Si tuviéramos la paciencia de colectar los cientos de sueltos, artículos editoriales y hasta ensayos que por estos días se han publicado en relación al campo, es posible, que con los mismos podríamos armar una pequeña biblioteca. Cuánto esfuerzo, cuanto derroche de inteligencia, astucia, maldad e interés junto en aras de lo que, en principio, simplemente fue un error de procedimiento que partió de un burócrata. El País se hubiera ahorrado ciento de días de tensión, angustia de familias directa o indirectamente relacionadas con el campo y hasta que el que solo tiene una maceta hubiera sentido alivio de tanta tensión inútilmente acumulada.

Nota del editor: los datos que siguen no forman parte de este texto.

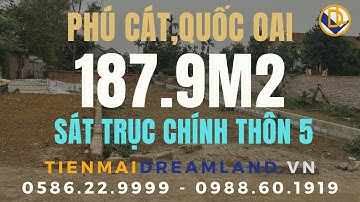ĐẤT NỀN HÒA LẠC| 197.9m2 thôn 5 PHÚ CÁT |ĐẤT NỀN QUỐC OAI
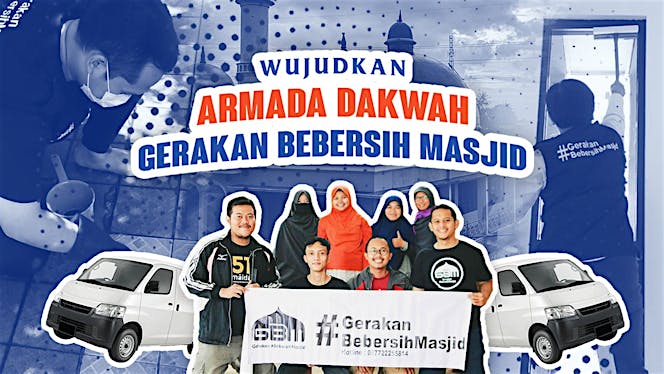 WUJUDKAN ARMADA DAKWAH GERAKAN BEBERSIH MASJID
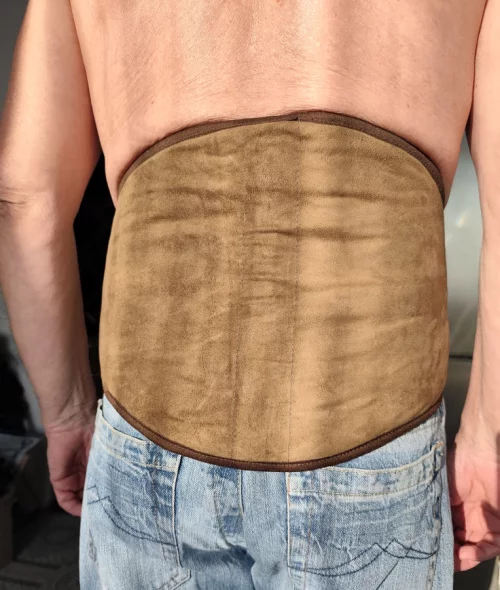 Согревающий пояс-- корсет, овечья шерсть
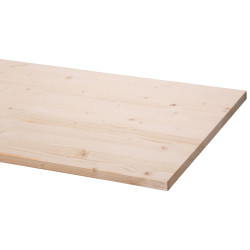 Panneau massif en sapin 250 x 60 x 2,8 cm CANDO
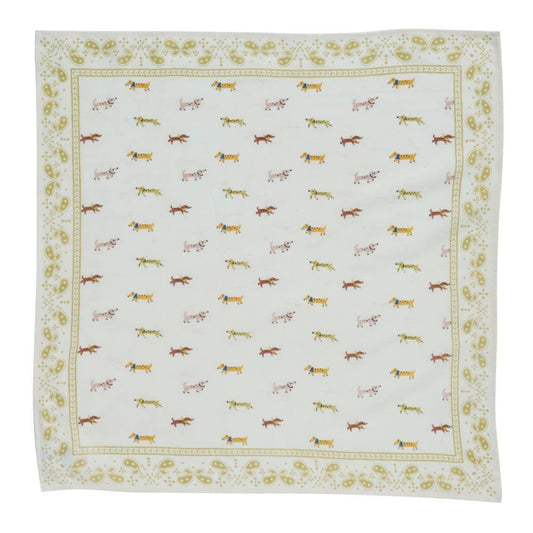 Ecru Dachshund Scarf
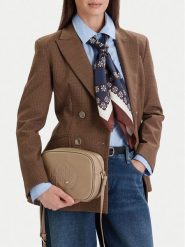 Beverly Hills Polo Club Torebka CEOWB-BHPC-L-002-09 Beżowy. Brązowe listonoszki Beverly Hills Polo Club, bez wzorów, z materiału, bez dodatków. Za 149.99 zł.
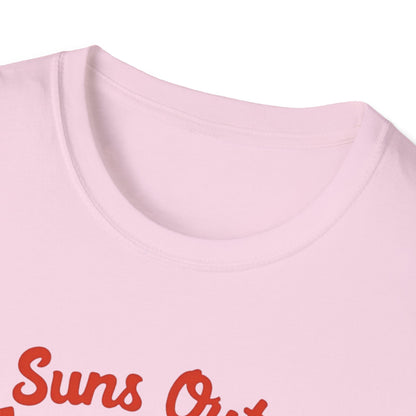 Suns Out, Tongues Out T-Shirt – Unisex Summer Tee, Dog Lovers Gift, Casual Wear, Cute Pet Shirt, Animal Lover Apparel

Pero el capricho de poder encriptado en un hombre, ya en claro desvarío, ha sido más fuerte.
El desenlace está llegando al final. Pero las heridas abiertas tardarán en cicatrizar y los daños colaterales en lo económico, mucho tiempo en volver a su estado original.
Hay una nefasta posibilidad. Que todo esto haya sido un plan pergeñado para dos situaciones. La primera que el gobierno no sabe como salir de la encrucijada de errores en un plan que nunca tuvo y los efectos de la inflación, la deuda impaga, los reclamos sectoriales el aumento de la pobreza y la corrupción terminen por obligarlo a retirarse antes de tiempo y estén creando un caldo apropiado para que lo justifique. En ese caso Cobos sería el hombre que tendría que hacerse cargo de los destinos del la Nación. La otra, más terrible, que este conflicto nos lleve a un enfrentamiento fraticida y que como resultado del mismo los K asuman la suma del poder y pongan en marcha un plan para que sus amigos queden con las mejores tierras vía confiscación reverdeciendo un frustrado plan setentista.
Son varias las señales que el actual gobierno nacional se encuentra acorrallado y reacciona como tal. Convocar un acto para el mismo día que el programado por el campo, llamado a ridículas conferencias de prensa con personajes olvidables a las espaladas de Kirchner, ridiculizar a profesionales del medio por el odio que dispara sobre quienes lo critican, son, en definitiva actos de terrible debilidad. Mientras tanto la Presidente real brilla por su ausencia o visita plantas frigoríficas diciendo que ya sabe mucho de campo.
En tal sentido, y a manera de conclusión hemos creído necesario esparcir estas posibilidades en las que podrían desarrollarán en lo inmediato uno de los capítulos centrales de la pelea campo-gobierno, Quien nos expresamos con la pluma, lo hacemos poniendo en consideración nuestros pensamientos. El tiempo, las circunstancias del futuro dirán si habremos estado equivocados o en lo cierto.